*WHAT TO WORK ON*: Nothing but the lines from the one containing "For more product" through the one containing "A 27-gauge insulin", both included, should be given again, each exactly as written below.

*TASK MATERIAL*:
##############################

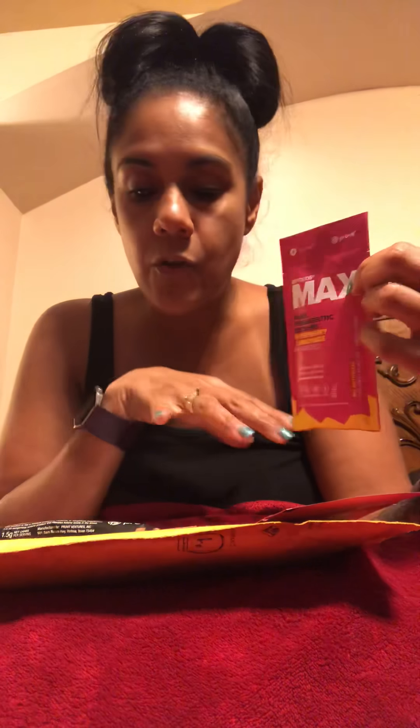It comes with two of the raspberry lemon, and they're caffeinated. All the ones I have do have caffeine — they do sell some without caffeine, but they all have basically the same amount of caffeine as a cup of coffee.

##############################

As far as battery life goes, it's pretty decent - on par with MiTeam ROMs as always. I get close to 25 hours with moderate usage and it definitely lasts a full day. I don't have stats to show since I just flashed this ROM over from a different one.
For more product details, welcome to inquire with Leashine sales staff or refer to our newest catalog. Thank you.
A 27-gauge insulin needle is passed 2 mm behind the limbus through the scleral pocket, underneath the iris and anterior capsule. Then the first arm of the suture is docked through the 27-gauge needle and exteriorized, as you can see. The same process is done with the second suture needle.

##############################

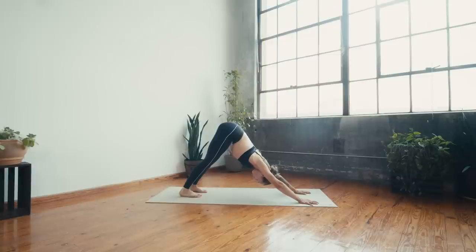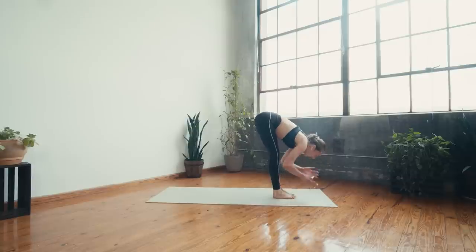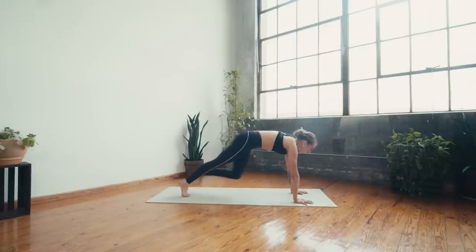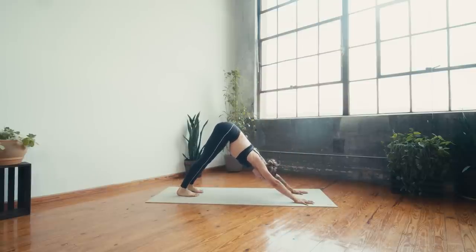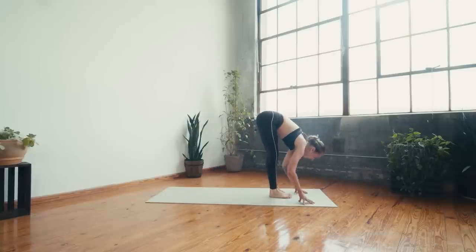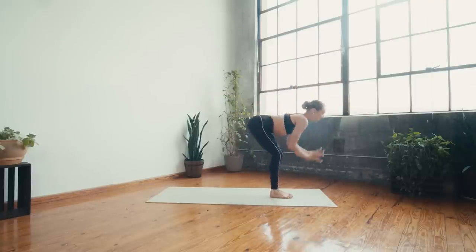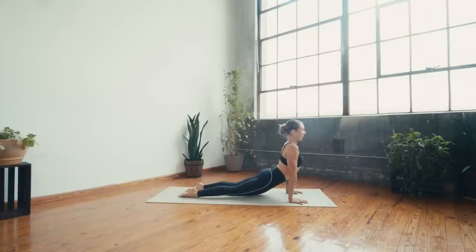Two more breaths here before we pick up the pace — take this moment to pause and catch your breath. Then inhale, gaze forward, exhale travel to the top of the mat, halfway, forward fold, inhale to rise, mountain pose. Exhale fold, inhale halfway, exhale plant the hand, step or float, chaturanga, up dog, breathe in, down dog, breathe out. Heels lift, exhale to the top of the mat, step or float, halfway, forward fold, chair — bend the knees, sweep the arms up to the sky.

##############################

*YOUR SOLUTION*:
For more product details, welcome to inquire with Leashine sales staff or refer to our newest catalog. Thank you.
A 27-gauge insulin needle is passed 2 mm behind the limbus through the scleral pocket, underneath the iris and anterior capsule. Then the first arm of the suture is docked through the 27-gauge needle and exteriorized, as you can see. The same process is done with the second suture needle.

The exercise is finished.